> [What needs to be done] Upon reaching the line that contains "Damen- Sandalen- ausgehöhlt- flache" in the records below, begin repeating every line exactly through the last one, skipping pictures.

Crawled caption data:
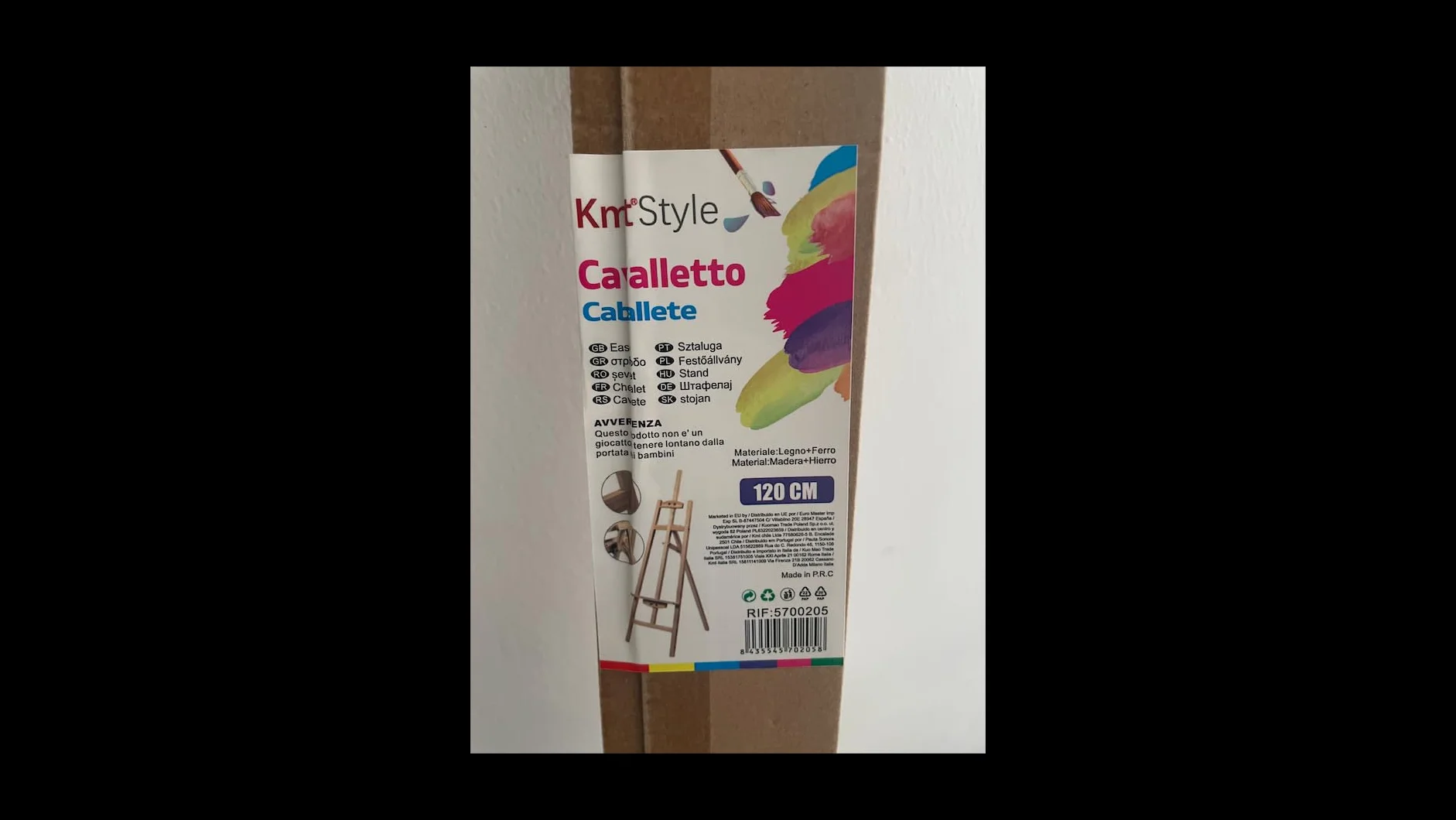 Cavalletto in Legno di Abete 120 cm Treppiede da Esposizione per Quadri e Poster
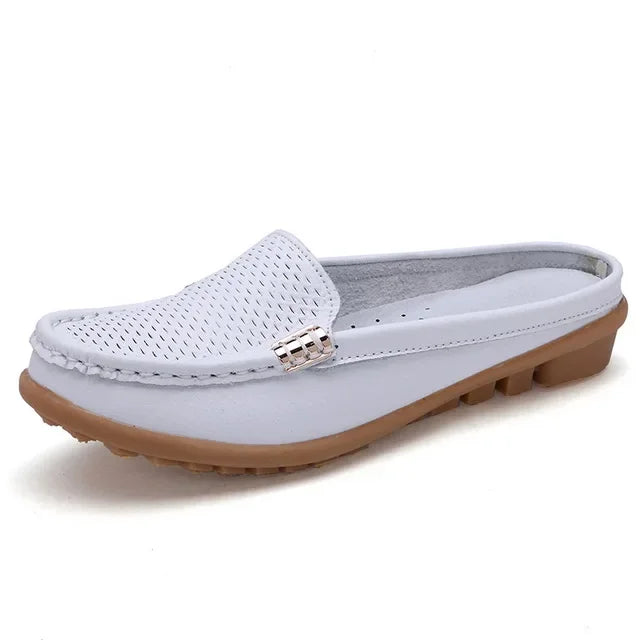 Damen- Sandalen- ausgehöhlt- flache Slipper- Spaltleder- Sommer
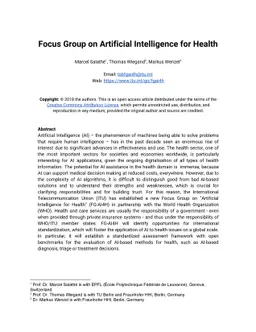 Focus Group on Artificial Intelligence for Health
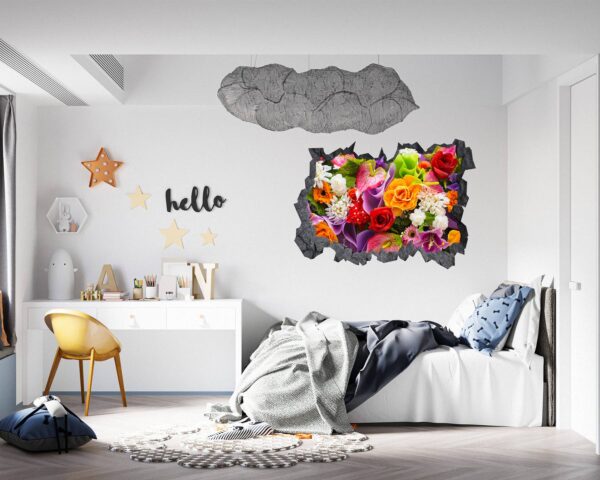 Wall Flower Sicker - Flower Wall Decal, Peel and Sick, Removable Vinyl, Easy to Install, Wall Decor, Flower Wall Mural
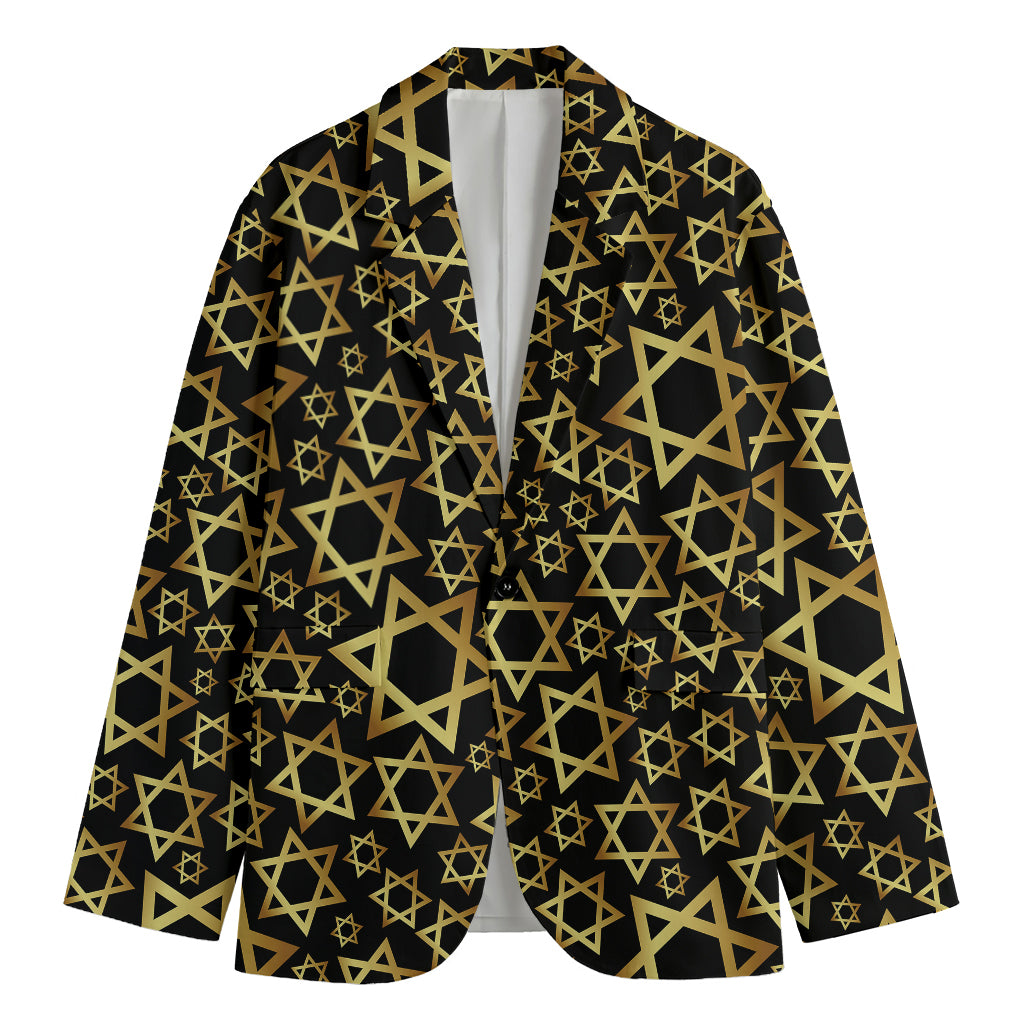 Black And Gold Star of David Print Men's Blazer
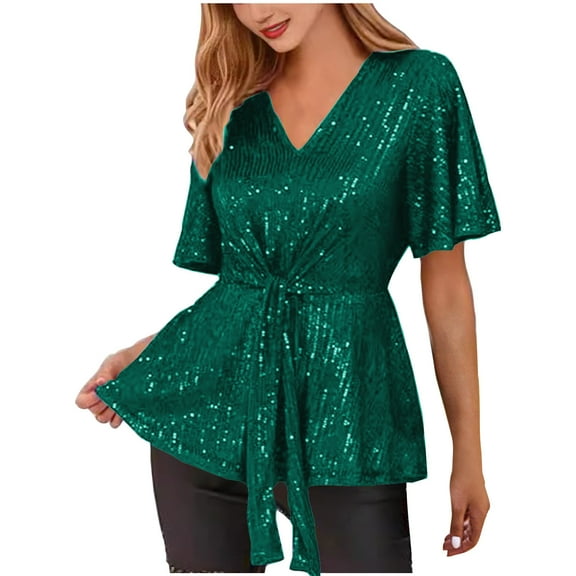 Mittory Women's Elegant Sequin Tops V Neck Tie Front Short Bell Sleeve Shirts Peplum Tops Blouse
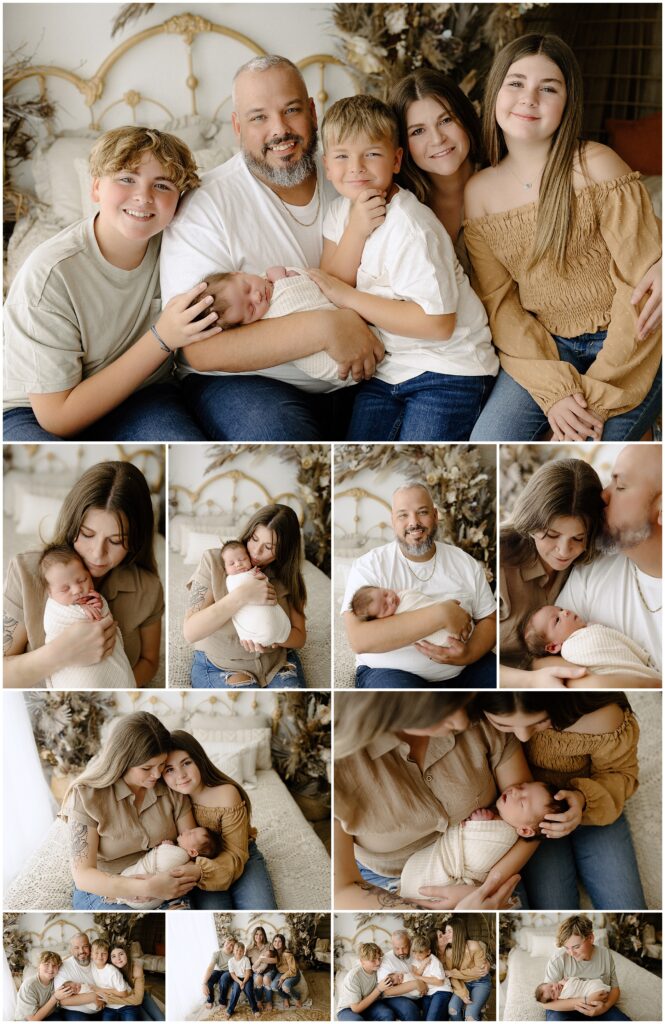 Happy family moments with a newborn baby in a relaxed Spring Hill, FL photography session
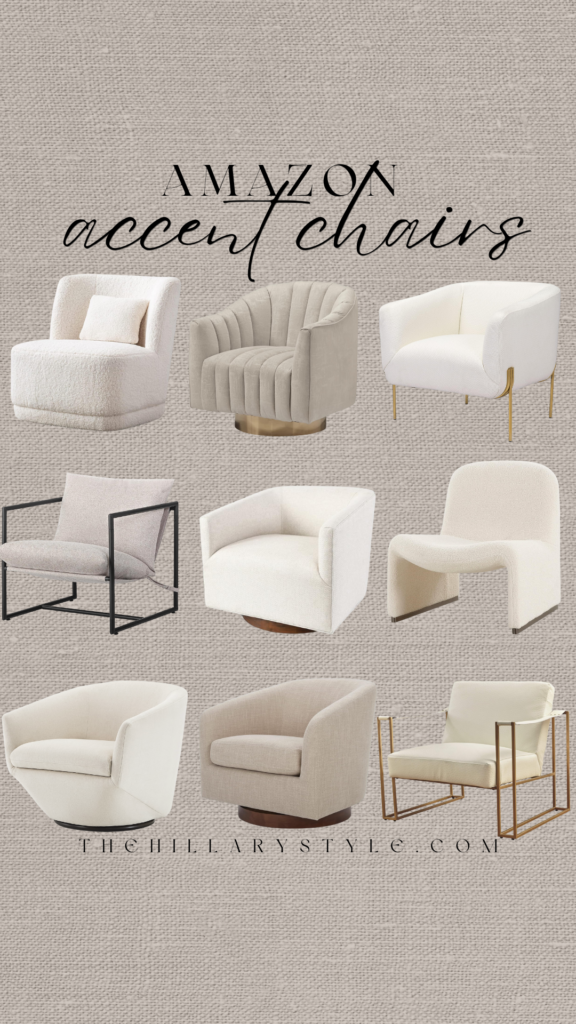 Nine modern accent chairs in white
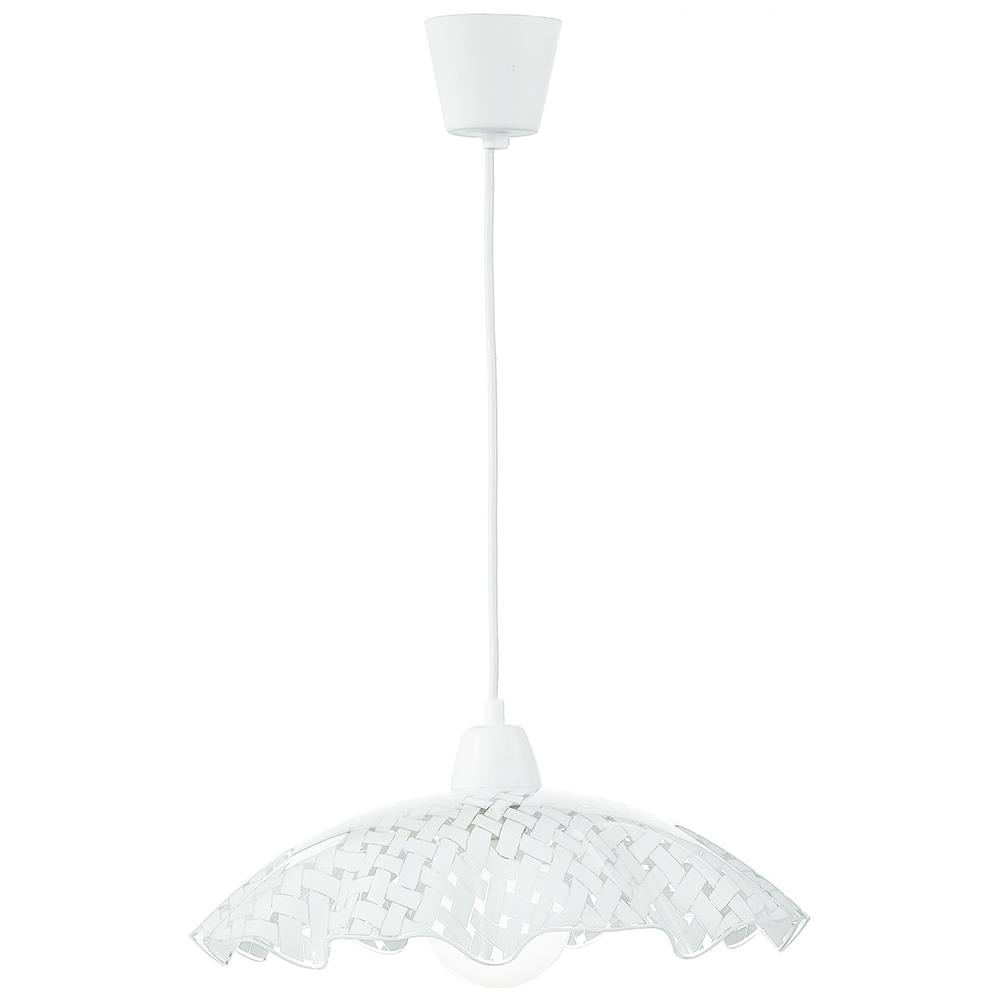 Lampadario moderno da interno cm 42 bianco con decoro - Foto 2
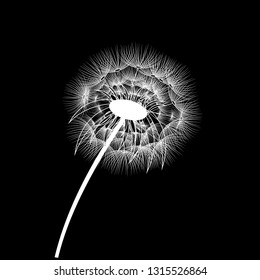 Silhouette of a dandelion. vector illustration isolated an black background for poster,wallpaper and other uses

> [Output]
 Damen- Sandalen- ausgehöhlt- flache Slipper- Spaltleder- Sommer
 Focus Group on Artificial Intelligence for Health
 Wall Flower Sicker - Flower Wall Decal, Peel and Sick, Removable Vinyl, Easy to Install, Wall Decor, Flower Wall Mural
 Black And Gold Star of David Print Men's Blazer
 Mittory Women's Elegant Sequin Tops V Neck Tie Front Short Bell Sleeve Shirts Peplum Tops Blouse
 Happy family moments with a newborn baby in a relaxed Spring Hill, FL photography session
 Nine modern accent chairs in white
 Lampadario moderno da interno cm 42 bianco con decoro - Foto 2
 Silhouette of a dandelion. vector illustration isolated an black background for poster,wallpaper and other uses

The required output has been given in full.